» **Instructions for the task**
Leave every image behind and restate the data word for word.
START Input data
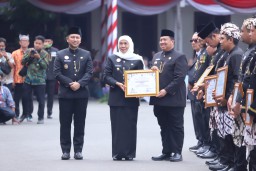 Jombang Sabet Juara III Penyelenggaraan Nama Rupabumi di Hari Jadi Ke-80 Provinsi Jawa Timur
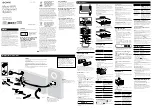 Preview for 1 page of Sony 4-183-777-12(1) Operating Instructions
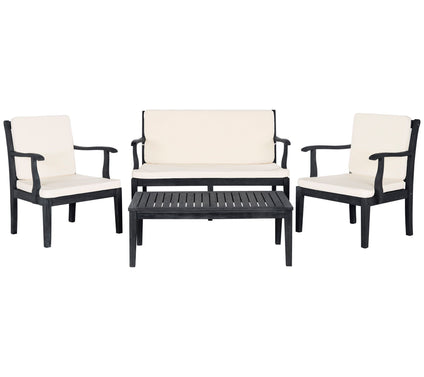 Safavieh Bradbury 4-Piece Outdoor Living Set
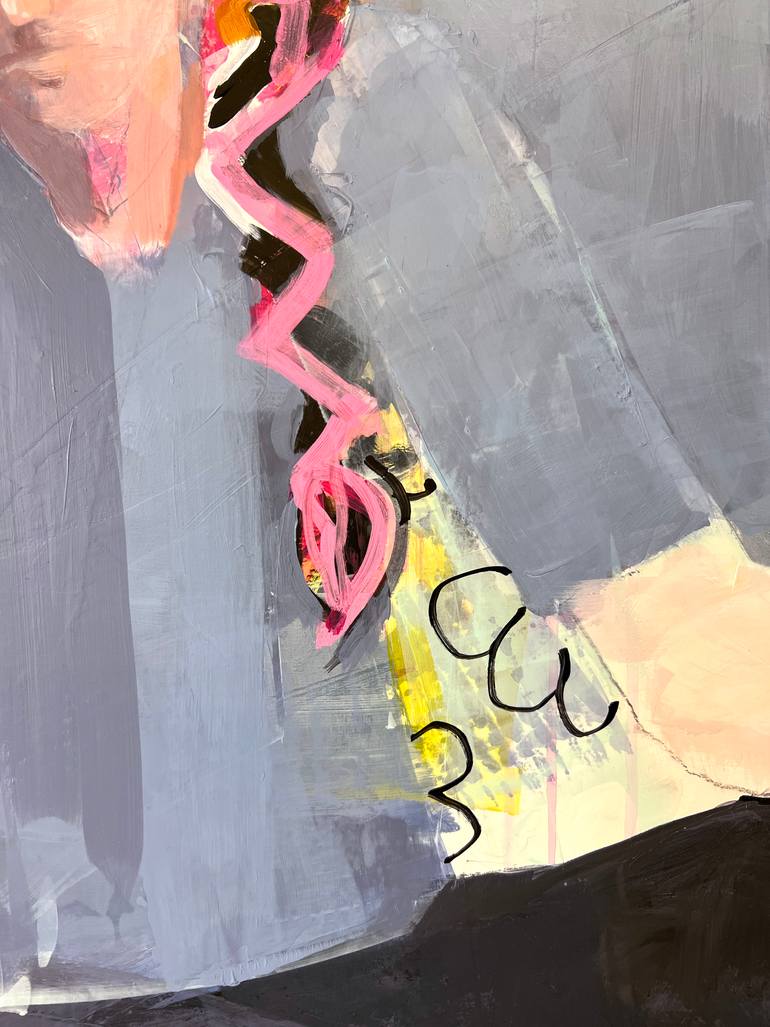 Original Figurative People Painting by Karen Darling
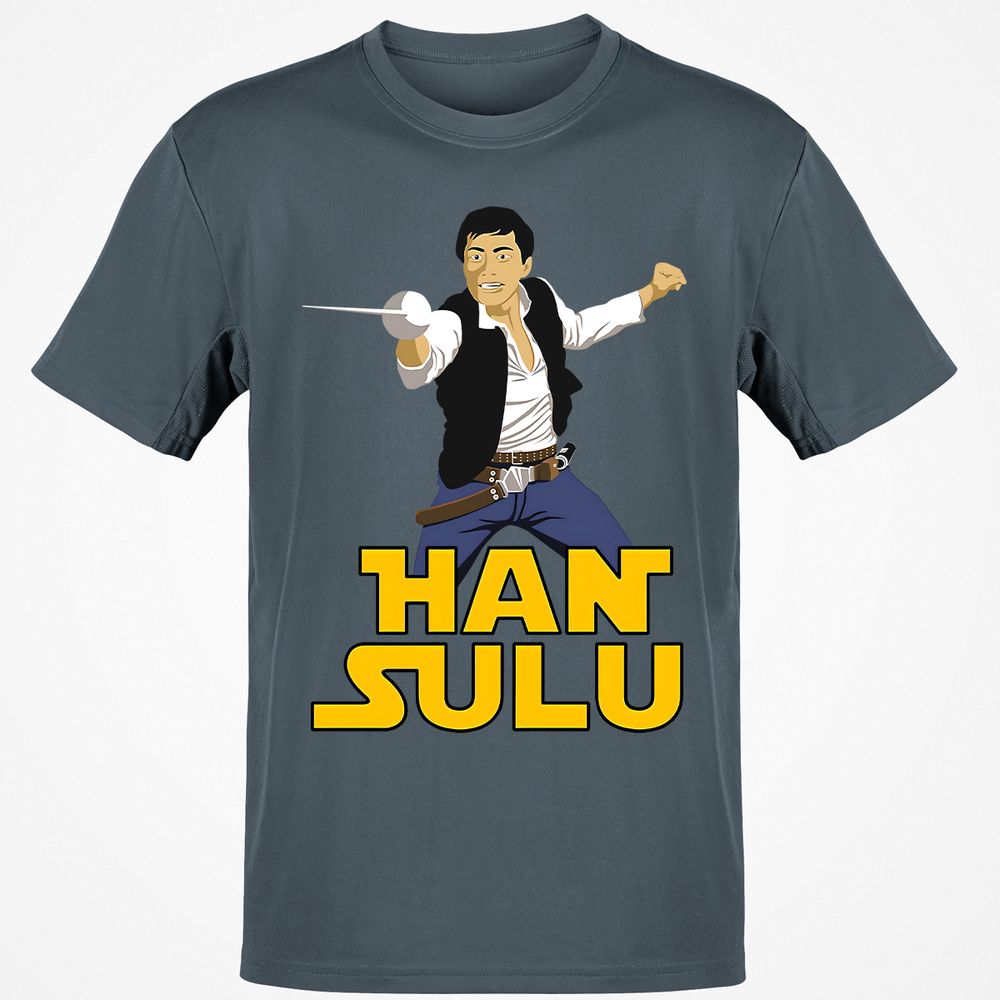 Classic Unisex T-Shirt - SNJ7RGVS - Charcoal - 3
END Input data
» **Answer section**
 Jombang Sabet Juara III Penyelenggaraan Nama Rupabumi di Hari Jadi Ke-80 Provinsi Jawa Timur
 Preview for 1 page of Sony 4-183-777-12(1) Operating Instructions
 Safavieh Bradbury 4-Piece Outdoor Living Set
 Original Figurative People Painting by Karen Darling
 Classic Unisex T-Shirt - SNJ7RGVS - Charcoal - 3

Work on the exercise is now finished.